Something old, something new, something borrowed, something blue . . . that recipe is for something else, yet it applies surprisingly well to the contents of this issue of Chemistry International.

image of Fabienne MeyersSomething old would be the description of IUPAC’s position with regard to the periodic table. The feature article by Jeffery Leigh (page 4 in print) reminds the reader that “IUPAC’s primary concern is with unequivocal and unambiguous communication,” and in the context of a periodic table format, IUPAC’s recommendation is only for the groups numbering from 1 to 18, and no more. Leigh demonstrates that one table does not fit all uses, and the periodic table as we know it today is an icon often wrongly associated with IUPAC.

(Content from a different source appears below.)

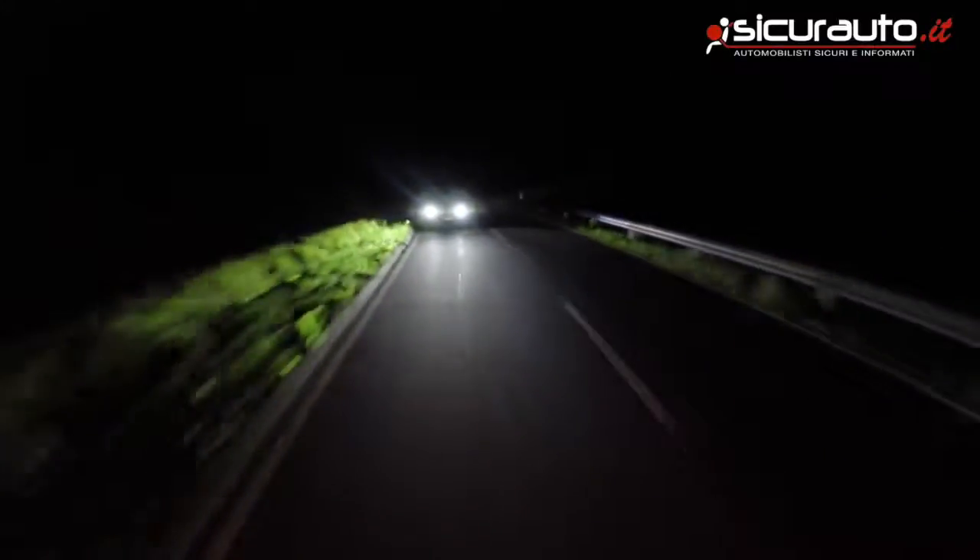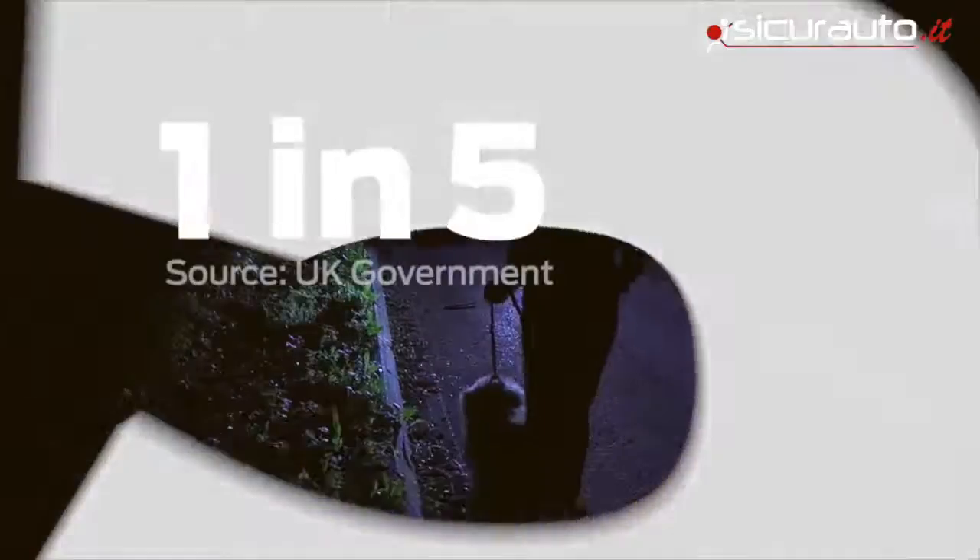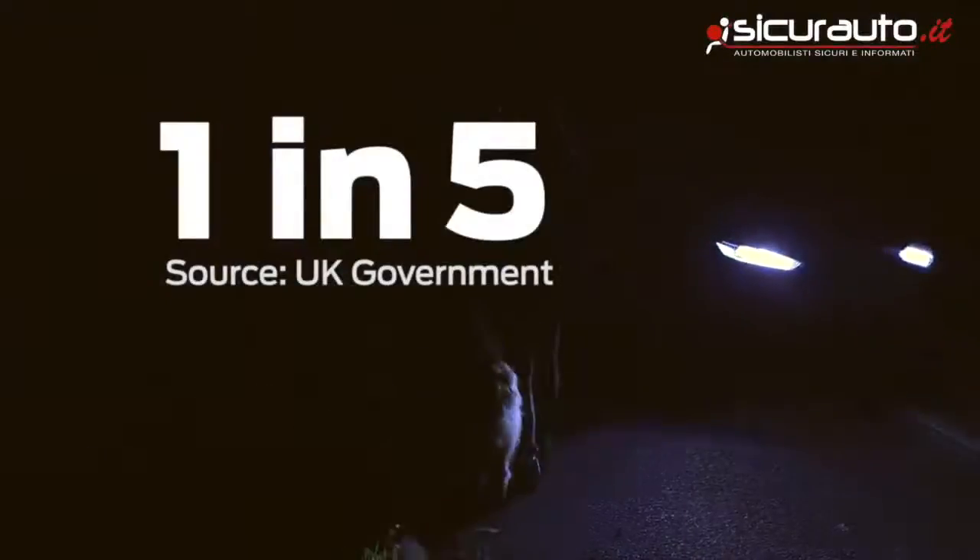Driving on an unlit road can be a nerve-wracking experience. Traditional headlights help you see what's ahead of you, but the trouble is that's not always where you need to look. Potential hazards on the fringes of the road can often be hidden from the driver's view. Research shows one in five accidents happen on unlit roads.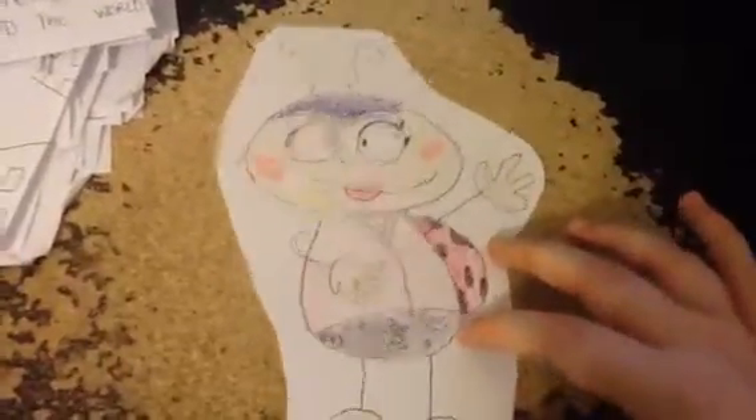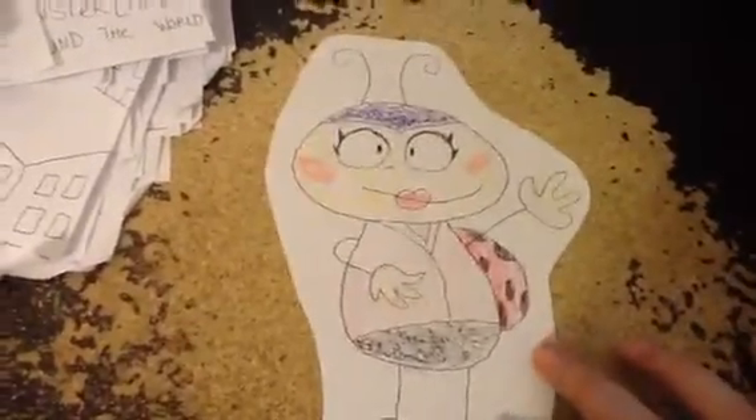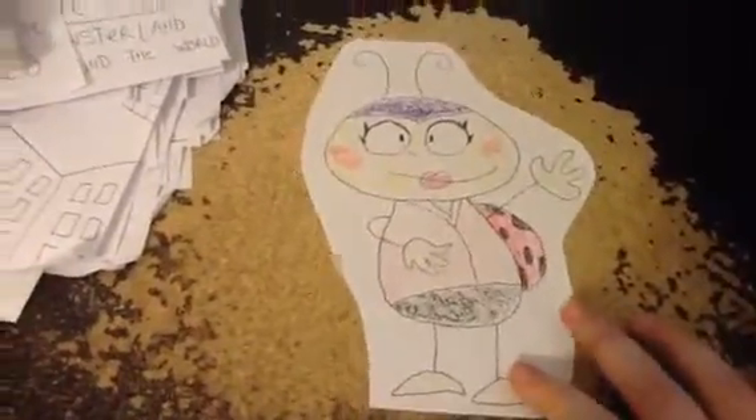I'm Gladys the Ladybug, and you're watching the video. Be sure to subscribe and give it a thumbs up if you like it. We'll see you tomorrow.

Something new would be the focus of Steve Heller and Alan McNaught’s article (page 7 in print) on InChI, known as “in-chee.” The IUPAC International Chemical Identifier (InChI) continues to be developed and is becoming more widely used throughout the chemistry community. In striking contrast to the traditional nomenclature for which IUPAC is well known, InChI constitutes a contemporary tool that renders computer algorithms efficient at searching molecular representations.

Something borrowed would be the feature by Gábor Magyarfalvi (page 10 in print) reporting on the 2008 International Chemistry Olympiad held in Hungary in July 2008. It is “borrowed” in the sense that the Olympiad continues to build on its success in generating enthusiasm among new generations of chemists, and that endeavor is applauded by IUPAC. IUPAC is proud to support the Olympiad, particularly by facilitating the participation of students from economically disadvantaged countries. Magyarfalvi, a former medalist at the 1989 Olympiad, takes the reader on a tour of what was a pretty exciting ’08 event. In 2009, it will take place in the U.K.

Something blue—a symbol of hope—in this case would be the plethora of new applications engendered by nanotechnologies. In their article, Hilda Coulsey and Alan Smith (page 13 in print) review the impact nanotech is having on drug development and consumer healthcare products.

So, here they are, the four items of a good-luck token. With that, I simply wish you all the best for 2009.

Fabienne Meyers
fabienne@iupac.org

 

Cover photo: The periodic table is a familiar icon present in science classrooms around the world. IUPAC’s only recommendation concerning the periodic table stipulates the Group numbering of 1 to 18.